There is always a sense of exhilaration on the sailing of a steamer from New York, despite the sadness of the leave-taking; and the receipt of many gifts, telegrams, and letters keeps up the excitement until after the departure of the pilot. But as the shore line recedes and we drift out to sea, there comes a realization of an entire change of environment and of the rending of former interests, which is, of itself, a fine preparation for the mental equipment necessary to assimilate the new scenes to be visited.
The November Second party of Collver Tours "Round the World," sailing on the Friedrich der Grosse, North German Lloyd line, was to embrace ten individuals, aside from an accomplished Director, each to be independent of the other, but all supposed to fit into a harmonious whole. After the formal presentations were over, there came a sense of relief, for refined manners, culture, and the experience of much travel were apparent, and promised well for the months of companionship which were to ensue.

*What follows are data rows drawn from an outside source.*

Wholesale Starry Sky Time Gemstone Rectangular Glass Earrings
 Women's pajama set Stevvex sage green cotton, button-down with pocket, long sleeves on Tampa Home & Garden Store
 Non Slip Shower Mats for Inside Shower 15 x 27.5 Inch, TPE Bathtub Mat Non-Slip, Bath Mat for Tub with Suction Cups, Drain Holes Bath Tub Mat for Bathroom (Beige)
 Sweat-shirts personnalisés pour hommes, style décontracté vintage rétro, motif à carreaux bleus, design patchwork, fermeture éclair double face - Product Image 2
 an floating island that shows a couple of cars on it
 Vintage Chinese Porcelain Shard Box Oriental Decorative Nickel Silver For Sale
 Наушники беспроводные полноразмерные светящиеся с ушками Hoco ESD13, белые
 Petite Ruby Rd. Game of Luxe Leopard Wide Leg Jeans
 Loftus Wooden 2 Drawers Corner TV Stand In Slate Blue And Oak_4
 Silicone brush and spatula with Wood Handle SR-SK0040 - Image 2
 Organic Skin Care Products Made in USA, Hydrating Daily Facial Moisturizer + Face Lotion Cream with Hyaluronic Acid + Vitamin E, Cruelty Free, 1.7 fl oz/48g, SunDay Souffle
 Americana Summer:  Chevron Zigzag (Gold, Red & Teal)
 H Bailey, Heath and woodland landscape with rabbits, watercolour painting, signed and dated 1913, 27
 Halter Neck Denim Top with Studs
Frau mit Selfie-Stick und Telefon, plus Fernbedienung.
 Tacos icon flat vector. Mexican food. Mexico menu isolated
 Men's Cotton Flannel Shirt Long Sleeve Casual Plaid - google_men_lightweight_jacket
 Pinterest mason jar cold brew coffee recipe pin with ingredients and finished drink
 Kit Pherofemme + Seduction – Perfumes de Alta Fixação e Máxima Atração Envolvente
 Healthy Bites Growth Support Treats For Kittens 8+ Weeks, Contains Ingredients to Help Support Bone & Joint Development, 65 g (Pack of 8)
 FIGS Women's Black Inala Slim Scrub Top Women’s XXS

The localities represented by the several members in the party were as follows: Boston, three; Philadelphia, four; New York, one; Lafayette, Indiana, one; Ottawa, Illinois, one; and Milwaukee, Wisconsin, one. This is an indication of varied personality and diversified taste.
The elements did not prove propitious in the days that followed our departure, and we were forced to bear the stress of wind and storm with becoming resignation, feeling personally thankful for indemnity from fatal results. Such a voyage does not lend itself to much diversion or variety of interests, but there were the usual attempts at gayety in the line of dancing, music, and the exhilarating "Captain's dinner"; hence with congenial people the days were pleasantly whiled away. Among the fellow passengers were some former friends, but I will mention only those who in a sense belong to the public.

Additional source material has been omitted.